Work to be completed
Transcribe, starting at the line with "The Wanderer - Palomino" and ending at the line with "Bark Deep Forest", every line of the material below exactly, but leave out the pictures and anything outside that span.

Material to process
******

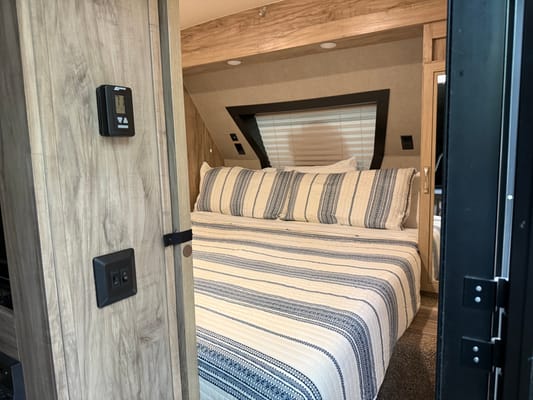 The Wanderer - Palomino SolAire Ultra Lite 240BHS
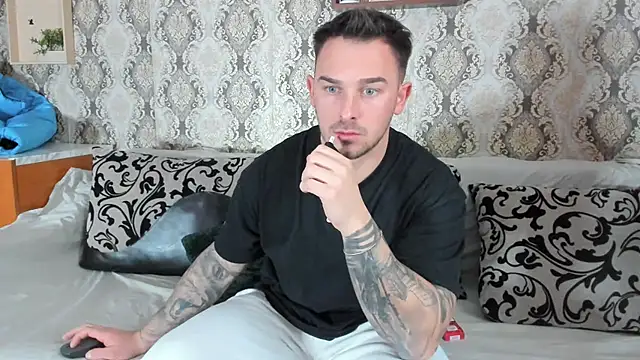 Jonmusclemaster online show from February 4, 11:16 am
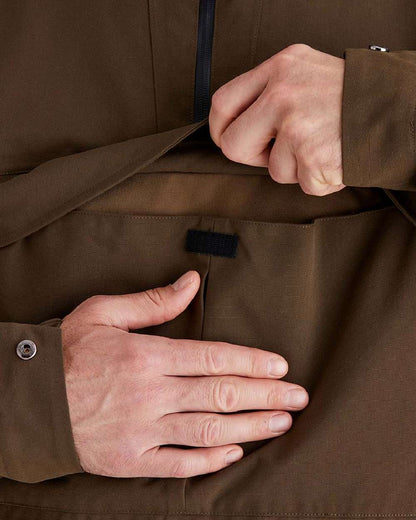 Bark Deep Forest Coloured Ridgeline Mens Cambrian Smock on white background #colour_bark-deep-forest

******

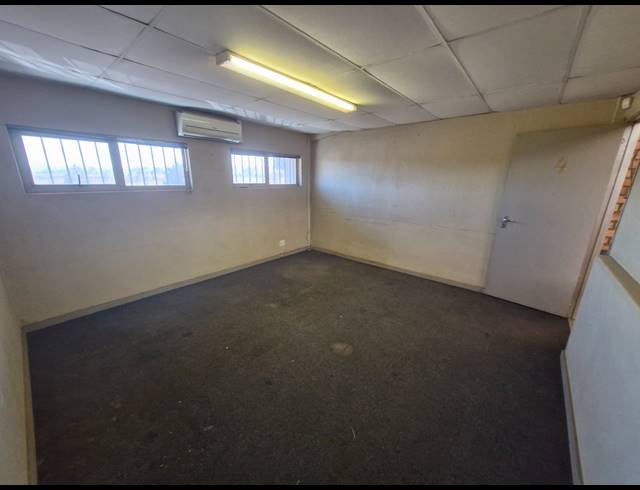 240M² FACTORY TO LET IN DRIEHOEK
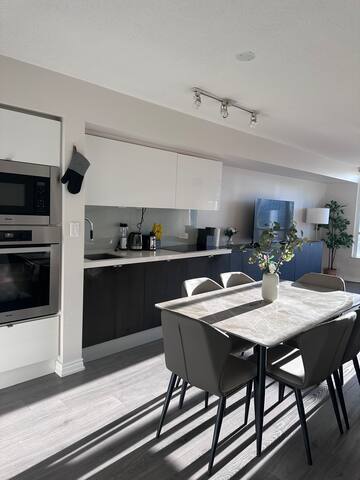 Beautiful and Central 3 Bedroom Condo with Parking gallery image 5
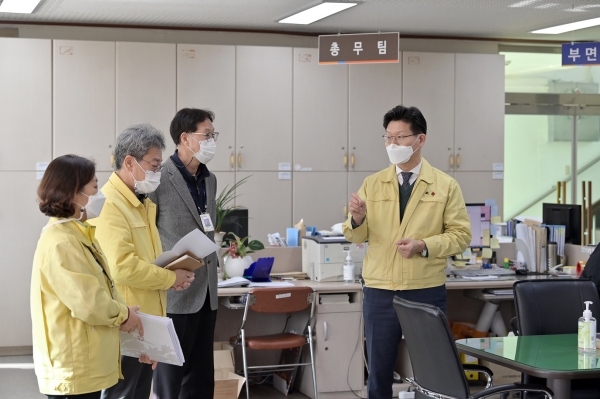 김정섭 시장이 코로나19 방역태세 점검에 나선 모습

******

Task answer
 The Wanderer - Palomino SolAire Ultra Lite 240BHS
 Jonmusclemaster online show from February 4, 11:16 am
 Bark Deep Forest Coloured Ridgeline Mens Cambrian Smock on white background #colour_bark-deep-forest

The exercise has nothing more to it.